I’d also bet you’re being told not to worry. I bet you’re hearing a lot about companies being flush “with cash” and “beating their earnings expectations.” I bet you’re being told this market is uniquely solid and that the numbers confirm it.

But as a hedge fund veteran who knows some of the legal tricks and accounting stunts that keep CEO’s and, uh, hedge fund guys…well remunerated, let me confess what a lot of other hedge fund veterans already know: this market is lying to you.

The Fundamentals Have Left the House

Recently, Jeremy Grantham of Boston-based GMO, a legendary value investor (whom I have allocated to), effectively acknowledged that markets since 2000 have lost any sense of reality. Mean-reversion, price discovery, honest reporting, and dependable cycles of cheap and expensive stock determinants have left us.

What we have instead is what David Stockman calls a “casino” , not a market. Since 2000, PE ratios have averaged 60% percent higher than in the prior 50 years, and profit margins are averaging 30% higher. Grantham called that a “double whammy.” I call it ridiculous.

So how have earnings skewed to such nose bleed extremes? Has nearly every publically traded company since the dot.com era (notwithstanding Enron…) suddenly become an A+ student? Are CEO’s and CFO’s so much smarter than before?

Nope.

Legalized Cheating

In fact, what we have are a lot of D+ and C- companies masquerading as phi beta kappa’s and they pull this off by legally hiding behind a safe harbor of bogus accounting, stock buy-backs and an unknown little trick called ex-items accounting.

In short, today’s companies aren’t smarter than our dad’s generation, they’re just less ethical.

Shocker? Probably not…

What happened?
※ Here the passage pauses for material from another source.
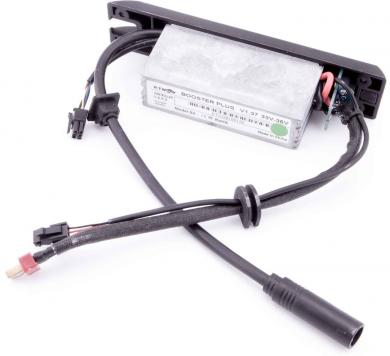 Contrôleur 33V-36V / 500W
Values have changed. A new kind of Darwinism and greed is more sexy today than the days of old. Basically, it comes down to this: stock based compensation in the C-suite has seduced executives into thinking more about 2nd homes and 3rd cars than the 8th Commandment or the 6th Deadly Sin.
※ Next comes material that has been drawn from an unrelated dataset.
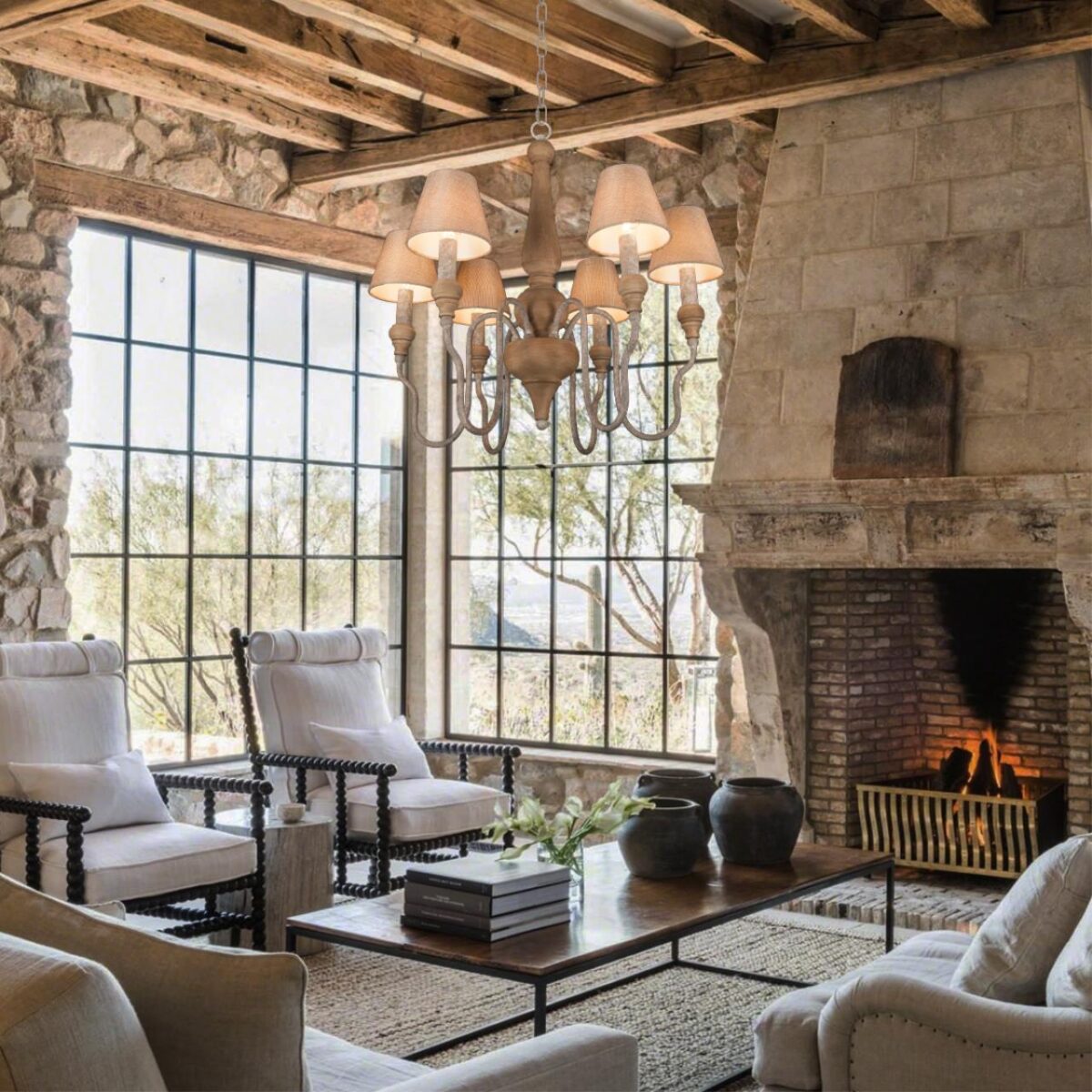 10420 Подвесной светильник LOFT IT Countryside — изображение 9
Today, more than ever, executive compensation is largely tied to stock performance. A miss on earnings means a miss on an entire swath of executives’ American Dream. In such a twisted setting of executive incentives/temptations, the well-funded finance officers behind the stocks you are buying will do almost anything to manipulate earnings and distort reality.

As an Associated Press report recently concluded (and your advisors probably over-looked), 72% of the companies they reviewed had adjusted profits that were higher than net income. (From 2010 to 2014, the S&P as a whole showed adjusted profits that came in $583B higher than net income.)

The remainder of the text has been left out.